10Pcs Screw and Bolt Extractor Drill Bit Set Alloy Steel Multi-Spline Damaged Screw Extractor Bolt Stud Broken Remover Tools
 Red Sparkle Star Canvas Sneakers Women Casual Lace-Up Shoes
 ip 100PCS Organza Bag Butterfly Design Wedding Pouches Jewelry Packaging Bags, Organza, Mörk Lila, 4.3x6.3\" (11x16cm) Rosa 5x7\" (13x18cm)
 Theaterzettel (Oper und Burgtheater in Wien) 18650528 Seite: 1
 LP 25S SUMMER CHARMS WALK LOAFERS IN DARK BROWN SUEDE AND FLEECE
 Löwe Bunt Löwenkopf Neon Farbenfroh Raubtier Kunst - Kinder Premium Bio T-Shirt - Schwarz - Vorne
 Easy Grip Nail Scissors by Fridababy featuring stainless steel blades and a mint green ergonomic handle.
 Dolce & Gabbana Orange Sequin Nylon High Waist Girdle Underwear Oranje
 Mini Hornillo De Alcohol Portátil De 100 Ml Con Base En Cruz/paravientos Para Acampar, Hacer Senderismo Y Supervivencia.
--
» **WHAT IS BEING ASKED**: Reproduce exactly the line containing "Red Sparkle Star" and every line after it through the end of the records above, and nothing else.

» **RESPONSE TO THIS EXERCISE**:
 Red Sparkle Star Canvas Sneakers Women Casual Lace-Up Shoes
 ip 100PCS Organza Bag Butterfly Design Wedding Pouches Jewelry Packaging Bags, Organza, Mörk Lila, 4.3x6.3\" (11x16cm) Rosa 5x7\" (13x18cm)
 Theaterzettel (Oper und Burgtheater in Wien) 18650528 Seite: 1
 LP 25S SUMMER CHARMS WALK LOAFERS IN DARK BROWN SUEDE AND FLEECE
 Löwe Bunt Löwenkopf Neon Farbenfroh Raubtier Kunst - Kinder Premium Bio T-Shirt - Schwarz - Vorne
 Easy Grip Nail Scissors by Fridababy featuring stainless steel blades and a mint green ergonomic handle.
 Dolce & Gabbana Orange Sequin Nylon High Waist Girdle Underwear Oranje
 Mini Hornillo De Alcohol Portátil De 100 Ml Con Base En Cruz/paravientos Para Acampar, Hacer Senderismo Y Supervivencia.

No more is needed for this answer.